» **INPUT RECORDS**:
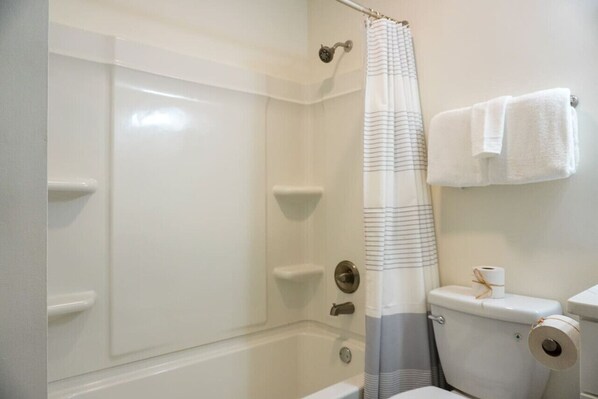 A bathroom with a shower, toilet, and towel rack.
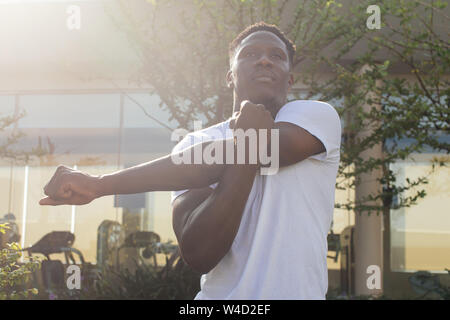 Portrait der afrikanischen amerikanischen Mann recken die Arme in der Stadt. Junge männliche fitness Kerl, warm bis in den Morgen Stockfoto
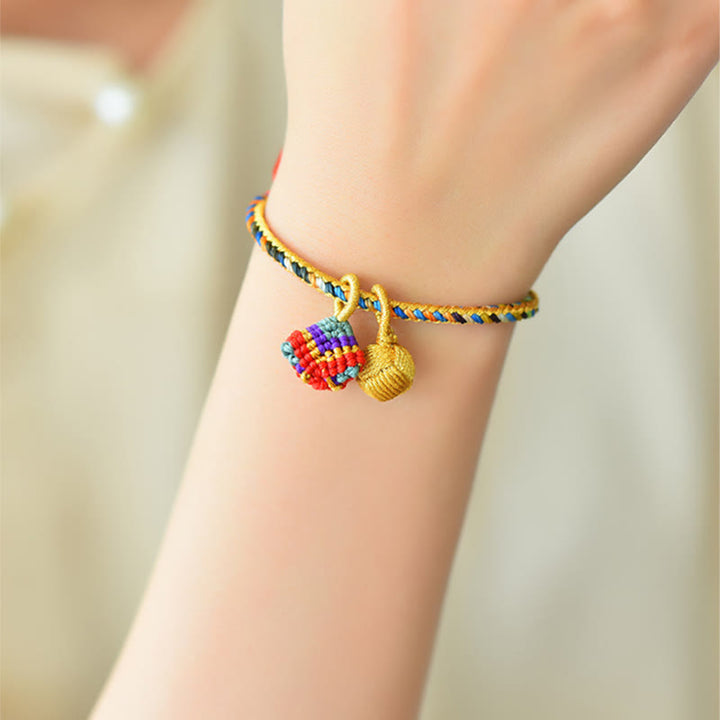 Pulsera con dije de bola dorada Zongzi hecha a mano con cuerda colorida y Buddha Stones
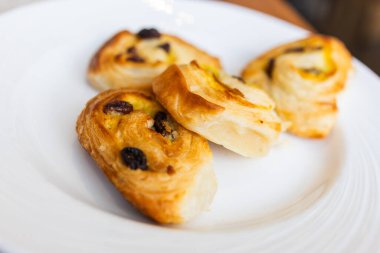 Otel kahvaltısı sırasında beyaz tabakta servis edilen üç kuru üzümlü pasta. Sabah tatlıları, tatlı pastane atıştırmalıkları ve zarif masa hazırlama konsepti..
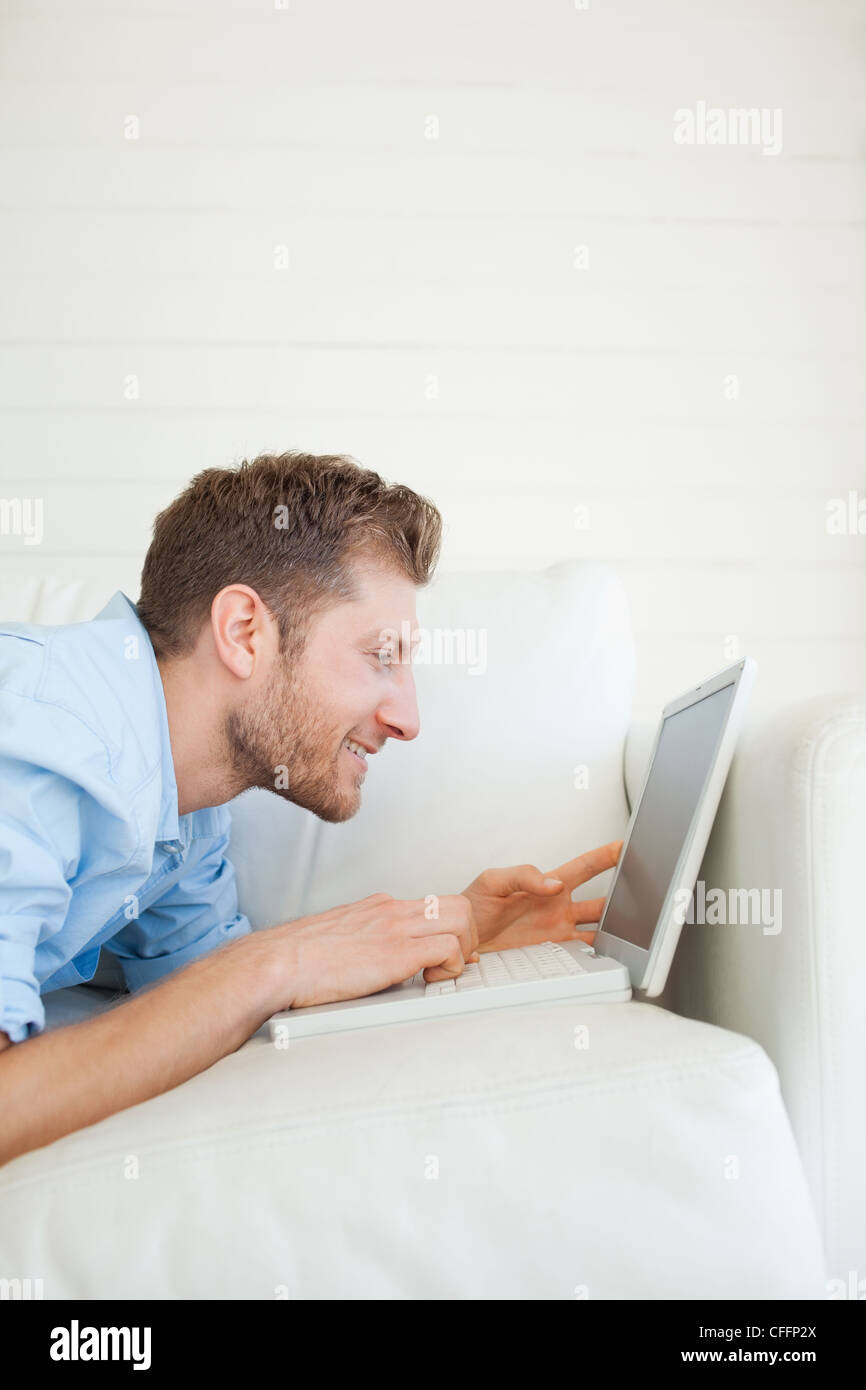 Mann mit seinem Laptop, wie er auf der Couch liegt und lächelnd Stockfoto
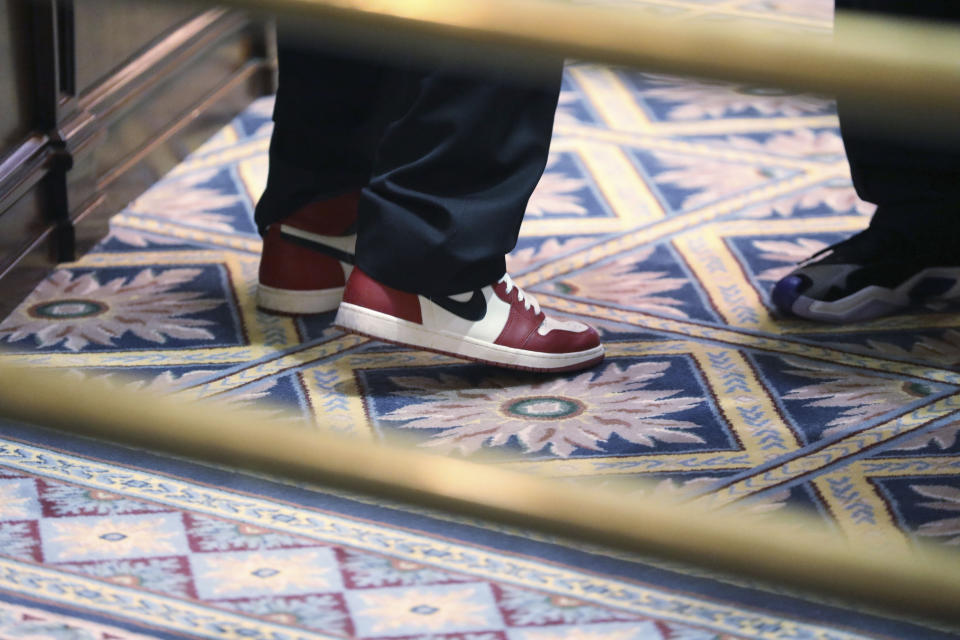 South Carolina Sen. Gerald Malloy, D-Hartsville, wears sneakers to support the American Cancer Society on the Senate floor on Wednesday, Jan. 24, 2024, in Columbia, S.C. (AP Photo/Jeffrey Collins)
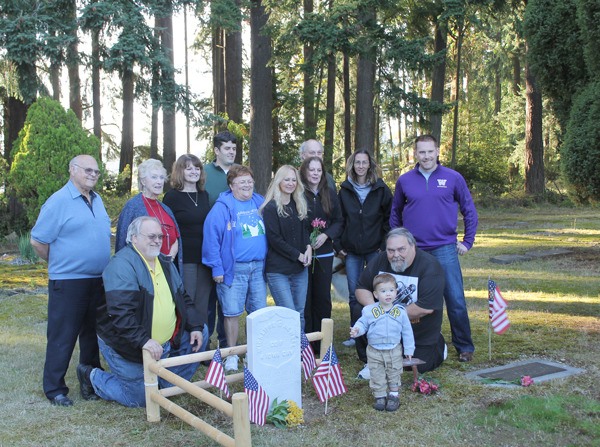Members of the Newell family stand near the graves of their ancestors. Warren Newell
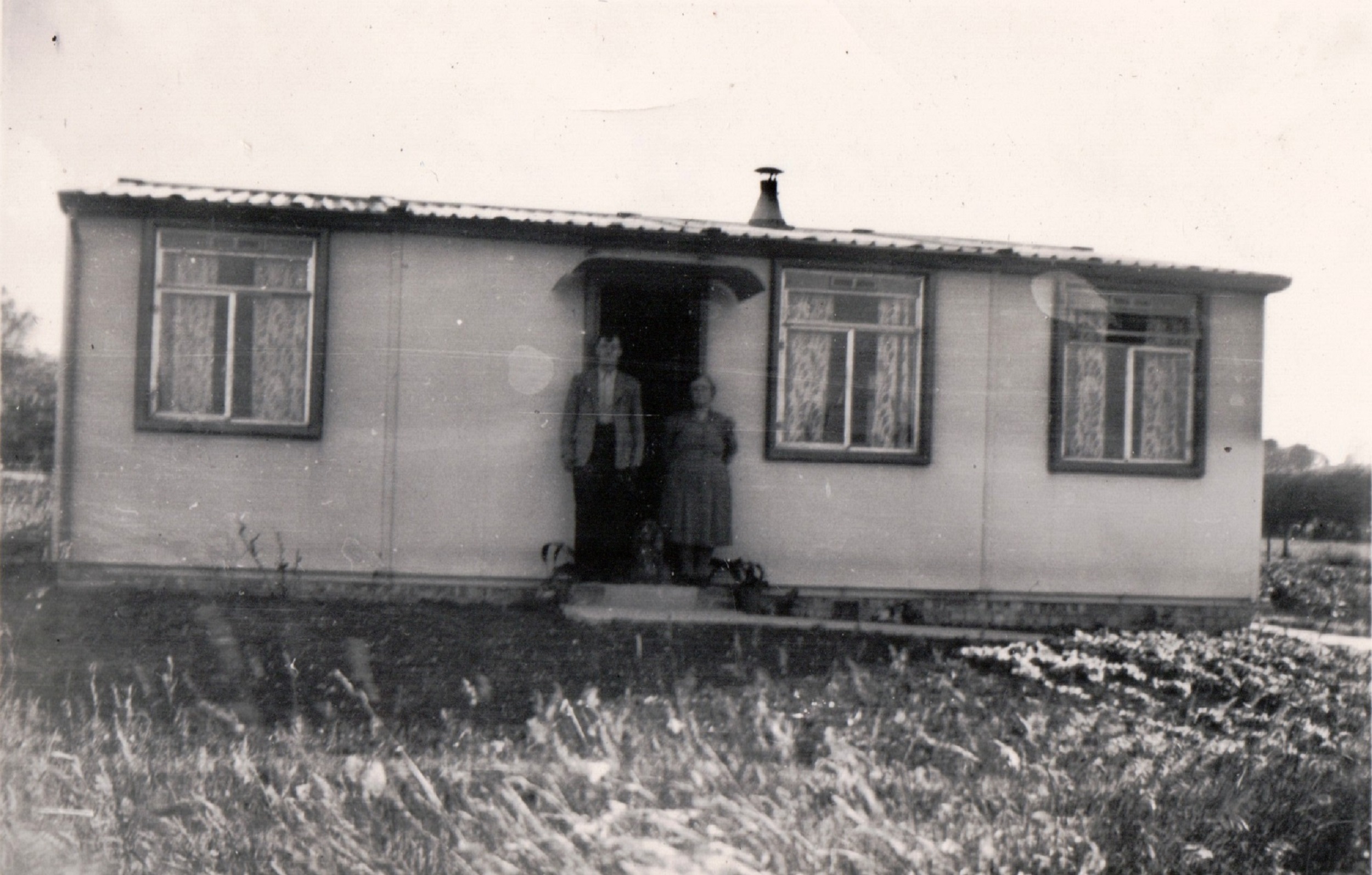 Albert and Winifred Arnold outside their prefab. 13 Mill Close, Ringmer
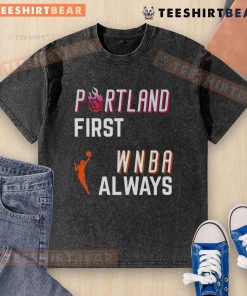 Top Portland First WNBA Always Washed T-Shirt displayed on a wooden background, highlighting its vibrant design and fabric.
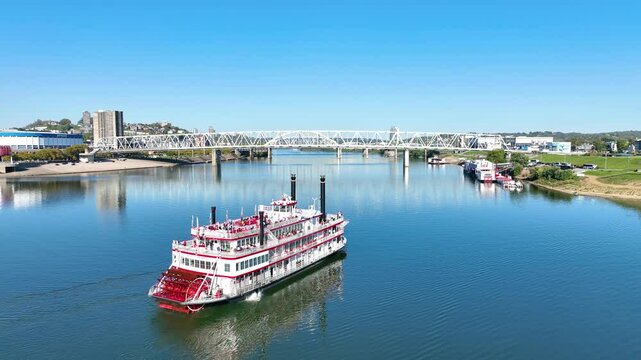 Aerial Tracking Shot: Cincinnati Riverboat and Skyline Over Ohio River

» **DIRECTIONS FOR THIS TASK**: Word for word, restate every line of the listing, omitting the pictures.

» **REPLY**:
 A bathroom with a shower, toilet, and towel rack.
 Portrait der afrikanischen amerikanischen Mann recken die Arme in der Stadt. Junge männliche fitness Kerl, warm bis in den Morgen Stockfoto
 Pulsera con dije de bola dorada Zongzi hecha a mano con cuerda colorida y Buddha Stones
 Otel kahvaltısı sırasında beyaz tabakta servis edilen üç kuru üzümlü pasta. Sabah tatlıları, tatlı pastane atıştırmalıkları ve zarif masa hazırlama konsepti..
 Mann mit seinem Laptop, wie er auf der Couch liegt und lächelnd Stockfoto
 South Carolina Sen. Gerald Malloy, D-Hartsville, wears sneakers to support the American Cancer Society on the Senate floor on Wednesday, Jan. 24, 2024, in Columbia, S.C. (AP Photo/Jeffrey Collins)
Members of the Newell family stand near the graves of their ancestors. Warren Newell
 Albert and Winifred Arnold outside their prefab. 13 Mill Close, Ringmer
 Top Portland First WNBA Always Washed T-Shirt displayed on a wooden background, highlighting its vibrant design and fabric.
 Aerial Tracking Shot: Cincinnati Riverboat and Skyline Over Ohio River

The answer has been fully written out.